Banyak yang bilang bahwa rata-rata kaum remaja di masa sekarang dapat menarik perhatian dengan suatu bantuan yang boleh dibilang keren, seperti pakaian, kendaraan dan sejenisnya. Terlebih lagi kebanyakan mereka yang katanya menjadi tumpuan bangsa saat ini lebih menyenangi untuk mengikuti sesuatu yang disebut-sebut sebagai trend masa kini, dengan menuai banyak sekali kilah seperti agar dapat menarik perhatian sang kekasih, agar dapat mencuri pandangan seseorang, atau agar dapat membuat diri serasa lebih tinggi dibandingkan remaja lainnya. Seminimal-minimalnya, mereka tidak ingin dibilang ketinggalan zaman.
Tapi sebenarnya tahukah kita bahwa yang seharusnya menjadi komitmen agar menjadikan seseorang ‘tertarik’ dengan kita adalah dengan sesuatu yang bersifat tahan lama. Tidak salah memang orang yang ingin menarik perhatian seseorang lainnya dengan bantuan sesuatu seperti pakaian, kendaraan mewah, harta berlimpah dan lain-lain, karena itu adalah hak dari setiap orang dan memang ditujukan sebagai perhiasan dunia. Namun jangan lupakan pula ada sesuatu yang memang harus didapatkan agar orang lain tertarik kepada kita dalam kurun waktu yang sangat lama atau setidaknya seumur hidup. Pernah terpikirkankah oleh kita bagaimana?
Sesuatu ada yang di dalam, yang menurut orang lain adalah inner beauty, berasal dari dalam jiwa seseorang, di mana terkandung anugrah di dalamnya. Tidak mengapa seseorang mengembangkan keindahan luar dengan menjaga keindahan di dalamnya. Akhlak adalah salah satunya, ilmu juga termasuk daripadanya.

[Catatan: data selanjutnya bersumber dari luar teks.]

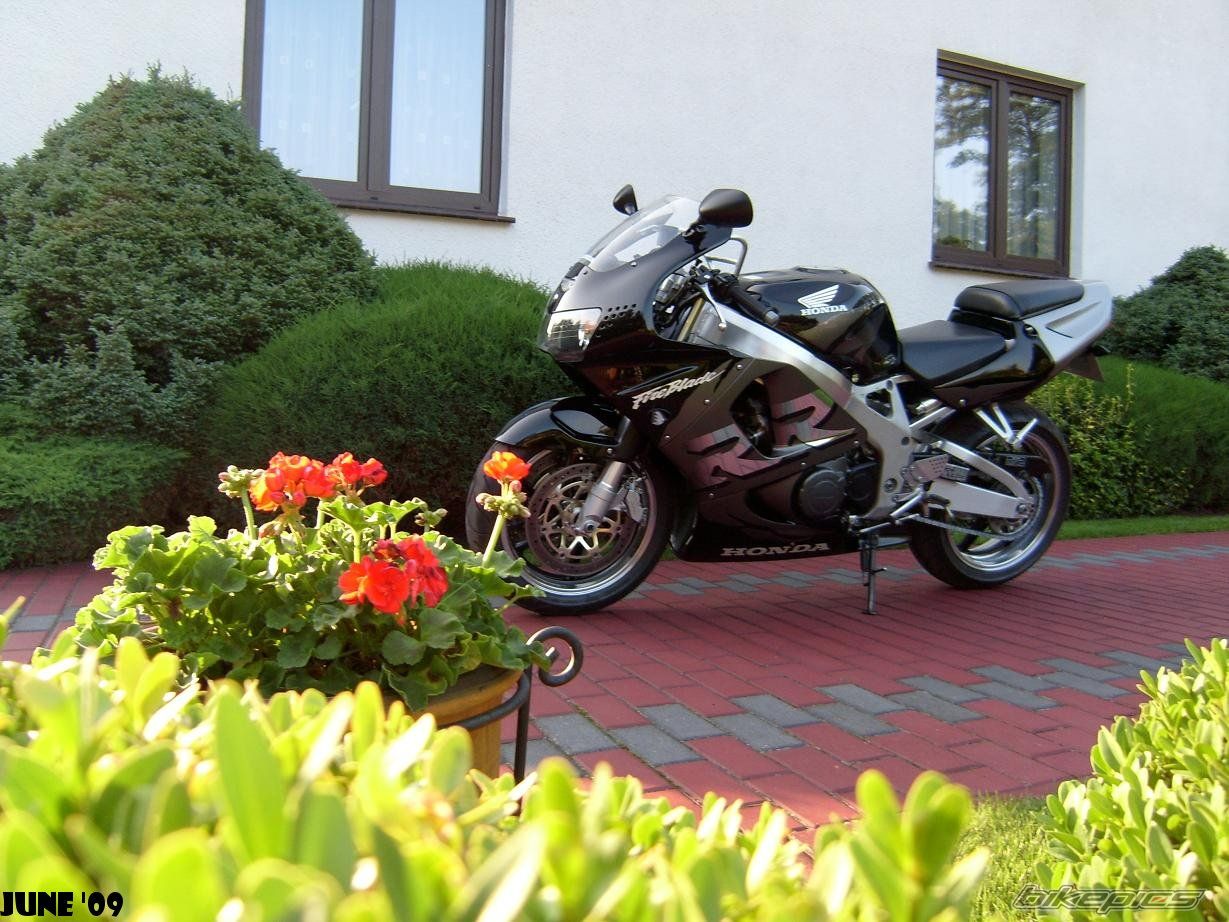 Bike Photo 1711583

Salah satu hal untuk mengembangkan hal-hal yang berkaitan dengan keindahan dalam tersebut adalah dengan membuat kita untuk sering berpikir. Berpikir untuk menjadi bijaksana, dan jelas bukan sekedar ikut-ikutan apa kata orang.
Lalu apa hubungannya dengan judul di atas? Berdasarkan pengamatan saya terhadap apa yang sering saya dengar dan keprihatinan dengan orang-orang muda sekarang ini-walaupun saya termasuk dari golongan mereka juga-adalah kerap kali tidak dapat membedakan huruf-huruf alfabetis yang nyata-nyata mereka sudah pelajari bahkan sebelum masuk taman kanak-kanak.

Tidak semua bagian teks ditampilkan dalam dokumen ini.